Plan EcoAntibio 2017 : utiliser « moins et mieux » les antibiotiques - La Semaine Vétérinaire n° 1517 du 23/11/2012
La Semaine Vétérinaire n° 1517 du 23/11/2012

Dossier

Auteur(s) : Éric Vandaële

La filière porcine, fortement consommatrice d’antibiotiques en tonnes, décroche une double médaille d’or. Elle a divisé par deux en un an l’usage des céphalosporines de dernière génération, et c’est la seule qui consomme moins d’antibiotiques en 2011 qu’en l’an 2000, grâce à la dégringolade des aliments médicamenteux. Chez les bovins, les chiens et les chats, « les progrès régressent », indique le ministre de l’Agriculture Stéphane Le Foll. Il menace d’inscrire dans la loi, à la fin de l’an prochain, un « découplage total de la prescription et de la délivrance » du médicament vétérinaire.

Le « découplage total de la prescription-délivrance » peut-il faire utiliser « moins et mieux » les antibiotiques par les vétérinaires, les éleveurs et les propriétaires d’animaux de compagnie ? La question est posée par le ministre de l’Agriculture, Stéphane Le Foll, « sans tabou ni a priori ». Il l’a répété, le 14 novembre 2012, lors du colloque organisé à son ministère sur le plan EcoAntibio 2017 et l’« évaluation de la consommation d’antibiotiques vétérinaires »1.

Il martèle devant son auditoire un message « simple » et « clair » : « Utiliser moins en utilisant mieux les antibiotiques. » C’est son leitmotiv. Faire « mieux » dans la prévention et l’hygiène pour prescrire « moins » d’antibiotiques. « Il faut sortir de la logique de la prévention par les antibiotiques pour aller vers une logique de précision. Les antibiotiques ne doivent être utilisés que quand c’est nécessaire, uniquement quand c’est nécessaire. »

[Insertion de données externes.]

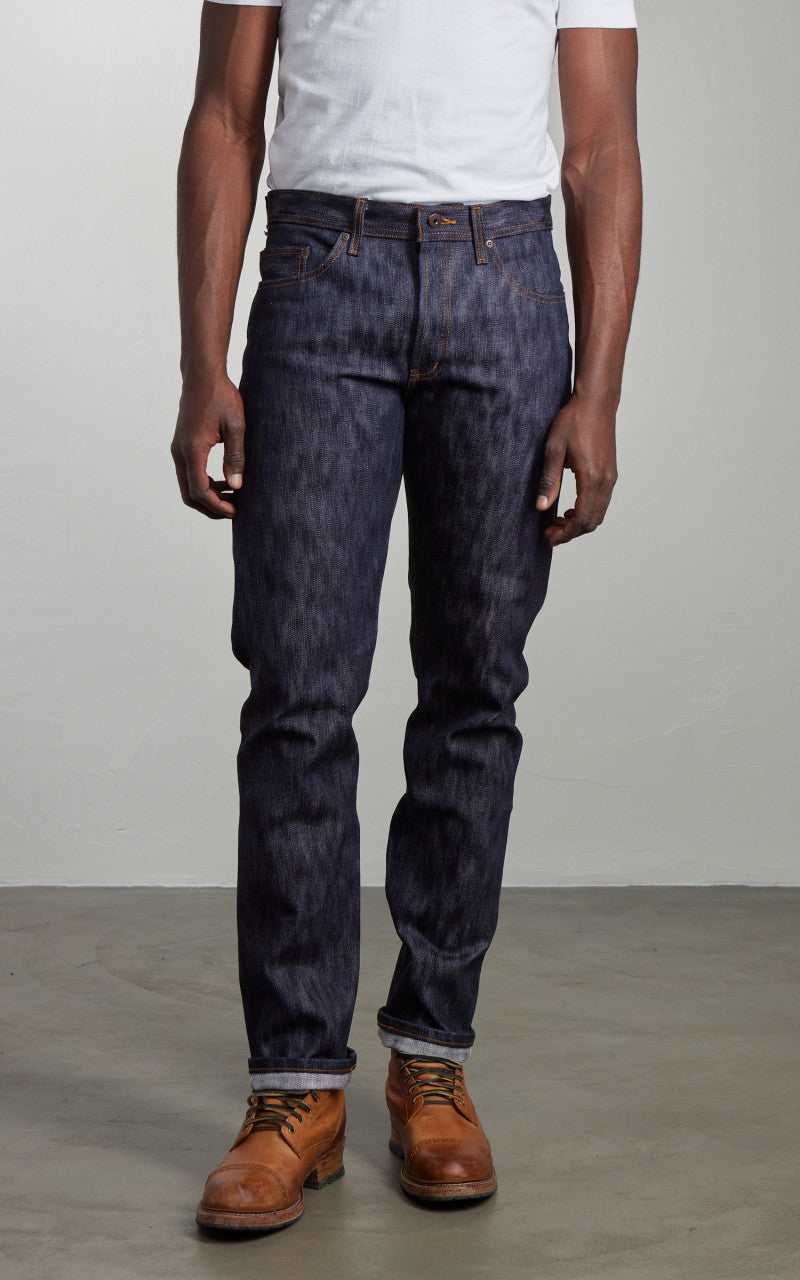 Naked & Famous Denim Weird Guy Sakura Slub Selvedge Indigo 16.5oz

LE DÉCOUPLAGE TOTAL : UNE MENACE SIMPLE ET CLAIRE

Mais le message « simple et clair » du ministre sonne aussi comme une menace pour les vétérinaires. Car « s’il faut aller jusqu’au découplage total de la prescription et de la délivrance, cela sera inscrit dans la loi d’avenir de l’agriculture », qui sera déposée au Parlement à l’automne 2013. Le Conseil général de l’agriculture examinera ce scénario parmi d’autres (interdiction des contrats commerciaux, encadrement des marges de revente, etc.). « Je suis décidé à ouvrir toutes les hypothèses. Je prendrai ensuite une décision, au printemps 2013. Je sais aussi que les éleveurs ont besoin d’un réseau de vétérinaires compétents. » C’est une contrainte mais, pour le ministre, l’antibiorésistance reste « la pire chose » qui puisse arriver aux antibiotiques.

UNE NOUVELLE TAXE SUR LES MÉDICAMENTS

Stéphane Le Foll veut aussi donner aux antimicrobiens un statut juridique et spécifique de « bien public ». Il envisage ainsi « d’encadrer la prescription des antibiotiques critiques et d’interdire leur utilisation préventive pour préserver leur efficacité ».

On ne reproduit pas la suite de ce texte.